IVINS – On Friday, speed bumps located at the north and south entrances of Snow Canyon State park will be removed and replaced with more vehicle and bicycle friendly speed humps. Road restrictions will be in place during the project which is scheduled to start and finish on Friday.
The park’s south entrance will be closed to all vehicles from approximately 7 a.m. to noon, and the north entrance will be closed from approximately 1-6 p.m., according to a press release from Snow Canyon State Park.
The park will remain open to visitors during this time but visitors should be prepared to use either the south or north entrances during the respective closures.
The current speed bumps have a very abrupt pitch, Park Manager Kristen Comella said, and as such, have proven to be an impediment and possible hazard to cyclists as well as runners who use the park for their activities, events and races.
The replacement project, which is several years in the making, began with a letter from a cyclist who frequents the park, Comella said, who expressed dissatisfaction with the speed bumps.
The planning process was a collaborative effort between the park, the Southern Utah Bicycle Alliance, St. George City Recreation and other entities that use the park for events and races, Comella said.
Together they came up with the new speed humps.
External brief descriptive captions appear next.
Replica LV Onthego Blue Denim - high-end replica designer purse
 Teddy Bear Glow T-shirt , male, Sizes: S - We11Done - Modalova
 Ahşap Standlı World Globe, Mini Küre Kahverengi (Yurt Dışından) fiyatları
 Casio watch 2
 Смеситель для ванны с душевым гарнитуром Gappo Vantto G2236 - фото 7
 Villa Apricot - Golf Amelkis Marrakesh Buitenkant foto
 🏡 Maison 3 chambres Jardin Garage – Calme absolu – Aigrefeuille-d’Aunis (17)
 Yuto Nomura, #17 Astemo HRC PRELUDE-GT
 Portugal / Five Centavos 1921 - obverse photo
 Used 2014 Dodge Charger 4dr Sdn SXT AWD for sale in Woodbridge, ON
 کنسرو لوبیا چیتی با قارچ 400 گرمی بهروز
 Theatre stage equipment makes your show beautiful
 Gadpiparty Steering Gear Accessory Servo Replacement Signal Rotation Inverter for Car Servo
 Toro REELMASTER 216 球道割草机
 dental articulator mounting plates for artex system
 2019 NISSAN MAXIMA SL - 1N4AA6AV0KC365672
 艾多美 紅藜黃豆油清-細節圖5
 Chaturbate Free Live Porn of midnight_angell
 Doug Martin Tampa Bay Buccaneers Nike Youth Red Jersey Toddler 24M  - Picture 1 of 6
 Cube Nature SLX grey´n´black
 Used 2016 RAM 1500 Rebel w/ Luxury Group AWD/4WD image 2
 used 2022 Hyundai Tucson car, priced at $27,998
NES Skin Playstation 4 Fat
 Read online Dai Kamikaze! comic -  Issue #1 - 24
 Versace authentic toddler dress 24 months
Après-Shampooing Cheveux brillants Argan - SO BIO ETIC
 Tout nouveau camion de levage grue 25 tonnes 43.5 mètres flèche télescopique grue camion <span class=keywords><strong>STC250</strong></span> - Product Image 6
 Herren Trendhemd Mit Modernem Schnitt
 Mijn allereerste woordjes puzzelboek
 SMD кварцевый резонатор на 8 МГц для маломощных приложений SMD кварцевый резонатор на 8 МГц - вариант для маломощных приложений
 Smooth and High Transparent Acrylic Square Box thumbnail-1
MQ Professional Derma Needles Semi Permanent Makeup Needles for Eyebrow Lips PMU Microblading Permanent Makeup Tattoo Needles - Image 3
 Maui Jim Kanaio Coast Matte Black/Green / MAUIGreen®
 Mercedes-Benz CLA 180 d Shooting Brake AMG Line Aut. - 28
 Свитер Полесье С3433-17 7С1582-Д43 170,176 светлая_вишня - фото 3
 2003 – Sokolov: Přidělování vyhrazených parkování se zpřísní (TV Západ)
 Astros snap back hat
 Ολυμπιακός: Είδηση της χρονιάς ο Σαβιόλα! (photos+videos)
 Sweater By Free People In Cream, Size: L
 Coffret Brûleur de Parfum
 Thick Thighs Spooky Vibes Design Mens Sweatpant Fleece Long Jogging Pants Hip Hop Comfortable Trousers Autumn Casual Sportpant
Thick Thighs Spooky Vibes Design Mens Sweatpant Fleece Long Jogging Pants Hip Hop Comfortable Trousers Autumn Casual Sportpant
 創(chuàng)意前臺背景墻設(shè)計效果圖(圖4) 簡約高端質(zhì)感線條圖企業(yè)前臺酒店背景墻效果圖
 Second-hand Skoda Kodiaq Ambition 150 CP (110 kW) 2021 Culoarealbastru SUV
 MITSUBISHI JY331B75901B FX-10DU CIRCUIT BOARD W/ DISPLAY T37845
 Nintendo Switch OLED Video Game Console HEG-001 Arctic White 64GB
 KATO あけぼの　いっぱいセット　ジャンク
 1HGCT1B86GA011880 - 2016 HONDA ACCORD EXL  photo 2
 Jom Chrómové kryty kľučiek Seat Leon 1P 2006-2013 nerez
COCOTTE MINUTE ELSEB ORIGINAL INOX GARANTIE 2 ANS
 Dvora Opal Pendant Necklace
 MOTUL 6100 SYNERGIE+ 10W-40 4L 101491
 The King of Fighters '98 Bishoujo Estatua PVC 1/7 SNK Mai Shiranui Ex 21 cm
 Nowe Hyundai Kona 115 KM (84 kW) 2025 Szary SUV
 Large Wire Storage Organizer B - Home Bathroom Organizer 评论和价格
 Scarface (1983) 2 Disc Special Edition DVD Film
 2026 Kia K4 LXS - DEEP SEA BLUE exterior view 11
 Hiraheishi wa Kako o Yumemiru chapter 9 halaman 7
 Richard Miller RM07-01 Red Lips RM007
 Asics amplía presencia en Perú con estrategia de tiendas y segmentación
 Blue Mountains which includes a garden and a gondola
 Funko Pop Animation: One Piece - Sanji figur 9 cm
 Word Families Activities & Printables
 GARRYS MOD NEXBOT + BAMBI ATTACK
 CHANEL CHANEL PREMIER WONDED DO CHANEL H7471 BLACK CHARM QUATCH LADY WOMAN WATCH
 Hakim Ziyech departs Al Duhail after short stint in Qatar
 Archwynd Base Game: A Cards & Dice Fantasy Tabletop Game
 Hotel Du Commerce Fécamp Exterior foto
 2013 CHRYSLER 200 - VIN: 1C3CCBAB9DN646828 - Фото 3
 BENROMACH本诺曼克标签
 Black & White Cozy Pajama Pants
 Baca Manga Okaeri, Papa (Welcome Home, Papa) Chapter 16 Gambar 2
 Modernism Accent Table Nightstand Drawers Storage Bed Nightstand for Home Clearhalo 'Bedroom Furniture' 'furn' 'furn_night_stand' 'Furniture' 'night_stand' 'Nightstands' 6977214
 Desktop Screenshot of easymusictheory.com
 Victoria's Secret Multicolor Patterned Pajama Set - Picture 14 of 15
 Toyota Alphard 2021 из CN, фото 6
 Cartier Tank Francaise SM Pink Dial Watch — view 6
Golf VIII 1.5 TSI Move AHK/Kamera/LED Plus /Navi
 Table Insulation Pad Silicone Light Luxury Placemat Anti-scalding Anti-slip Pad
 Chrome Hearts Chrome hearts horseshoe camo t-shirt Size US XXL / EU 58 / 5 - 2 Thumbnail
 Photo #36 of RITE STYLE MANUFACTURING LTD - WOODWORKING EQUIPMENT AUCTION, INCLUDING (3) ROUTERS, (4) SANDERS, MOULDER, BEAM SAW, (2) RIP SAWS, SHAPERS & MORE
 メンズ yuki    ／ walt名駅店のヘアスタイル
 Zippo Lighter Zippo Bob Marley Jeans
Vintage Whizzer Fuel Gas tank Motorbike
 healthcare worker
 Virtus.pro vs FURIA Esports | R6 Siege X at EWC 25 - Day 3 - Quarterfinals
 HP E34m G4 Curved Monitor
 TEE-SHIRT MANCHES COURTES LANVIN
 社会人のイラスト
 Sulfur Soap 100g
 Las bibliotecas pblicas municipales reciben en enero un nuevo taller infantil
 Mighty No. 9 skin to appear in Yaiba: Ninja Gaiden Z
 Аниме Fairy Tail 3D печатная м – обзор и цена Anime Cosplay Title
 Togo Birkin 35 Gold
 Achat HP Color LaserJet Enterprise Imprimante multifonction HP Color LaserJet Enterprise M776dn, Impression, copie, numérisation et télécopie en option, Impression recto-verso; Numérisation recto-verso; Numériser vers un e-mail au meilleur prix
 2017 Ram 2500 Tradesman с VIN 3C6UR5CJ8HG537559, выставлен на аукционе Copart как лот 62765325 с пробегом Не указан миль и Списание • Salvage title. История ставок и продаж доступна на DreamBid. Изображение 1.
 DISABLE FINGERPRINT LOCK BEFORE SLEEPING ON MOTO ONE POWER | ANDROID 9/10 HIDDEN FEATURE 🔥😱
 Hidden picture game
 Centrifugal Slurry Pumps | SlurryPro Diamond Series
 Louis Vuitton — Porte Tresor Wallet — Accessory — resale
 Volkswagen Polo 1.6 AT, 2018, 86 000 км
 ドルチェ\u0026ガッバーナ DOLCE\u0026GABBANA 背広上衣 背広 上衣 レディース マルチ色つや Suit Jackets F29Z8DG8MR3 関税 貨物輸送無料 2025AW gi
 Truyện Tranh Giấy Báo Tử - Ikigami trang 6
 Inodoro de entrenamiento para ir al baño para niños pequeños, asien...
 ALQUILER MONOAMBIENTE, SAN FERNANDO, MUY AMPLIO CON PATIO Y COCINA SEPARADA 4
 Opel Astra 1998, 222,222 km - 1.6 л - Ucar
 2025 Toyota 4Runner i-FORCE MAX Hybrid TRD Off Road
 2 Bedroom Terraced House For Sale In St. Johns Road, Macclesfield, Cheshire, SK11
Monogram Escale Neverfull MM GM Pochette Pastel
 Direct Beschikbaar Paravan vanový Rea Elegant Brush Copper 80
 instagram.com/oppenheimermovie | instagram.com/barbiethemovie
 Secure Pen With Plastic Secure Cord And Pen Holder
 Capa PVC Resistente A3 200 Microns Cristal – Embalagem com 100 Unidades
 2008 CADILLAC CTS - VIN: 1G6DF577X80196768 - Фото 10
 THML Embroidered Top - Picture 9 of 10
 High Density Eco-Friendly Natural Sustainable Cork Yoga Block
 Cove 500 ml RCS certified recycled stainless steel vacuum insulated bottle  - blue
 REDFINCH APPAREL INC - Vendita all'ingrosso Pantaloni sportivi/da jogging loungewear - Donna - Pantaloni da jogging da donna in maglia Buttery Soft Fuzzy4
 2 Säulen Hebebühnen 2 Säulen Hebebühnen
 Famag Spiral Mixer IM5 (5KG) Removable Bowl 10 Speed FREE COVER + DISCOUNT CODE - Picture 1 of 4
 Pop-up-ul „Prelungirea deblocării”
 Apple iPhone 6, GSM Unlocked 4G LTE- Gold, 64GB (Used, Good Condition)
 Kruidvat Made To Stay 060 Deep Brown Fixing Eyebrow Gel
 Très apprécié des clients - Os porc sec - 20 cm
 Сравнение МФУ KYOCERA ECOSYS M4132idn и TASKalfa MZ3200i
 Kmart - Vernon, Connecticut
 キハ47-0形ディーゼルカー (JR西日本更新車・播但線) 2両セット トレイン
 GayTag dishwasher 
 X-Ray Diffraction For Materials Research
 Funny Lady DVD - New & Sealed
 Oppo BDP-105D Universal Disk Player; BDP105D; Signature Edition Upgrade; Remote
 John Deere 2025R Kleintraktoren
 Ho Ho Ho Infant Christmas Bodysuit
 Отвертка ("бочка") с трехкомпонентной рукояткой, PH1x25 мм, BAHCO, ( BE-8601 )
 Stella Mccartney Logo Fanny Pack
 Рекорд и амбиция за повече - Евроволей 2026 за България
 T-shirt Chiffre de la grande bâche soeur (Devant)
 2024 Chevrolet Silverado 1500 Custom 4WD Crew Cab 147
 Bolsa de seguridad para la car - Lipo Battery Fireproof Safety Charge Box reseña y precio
The humps will continue to slow traffic approaching and exiting the park in order to protect staff and visitors who are stopped in those areas but also facilitate a smoother and safer surface for cyclists and runners.
The new speed humps will max out at a height of 3 inches in the center and will be 12 feet long allowing for a slow transition to the maximum height.
The three speed bumps at the south end of the park will be replaced with two speed humps, one on either side of the entrance facility, and the three speed bumps at the north entrance will be replaced by a single speed hump located before the entrance facility when entering from state Route 18.
All the speed humps will span the width of the road, Comella said.
The project is funded by the Ironman Foundation’s Community Fund which, according to the press release, in 2015 provided local nonprofit beneficiaries a total of $42,200 in grants.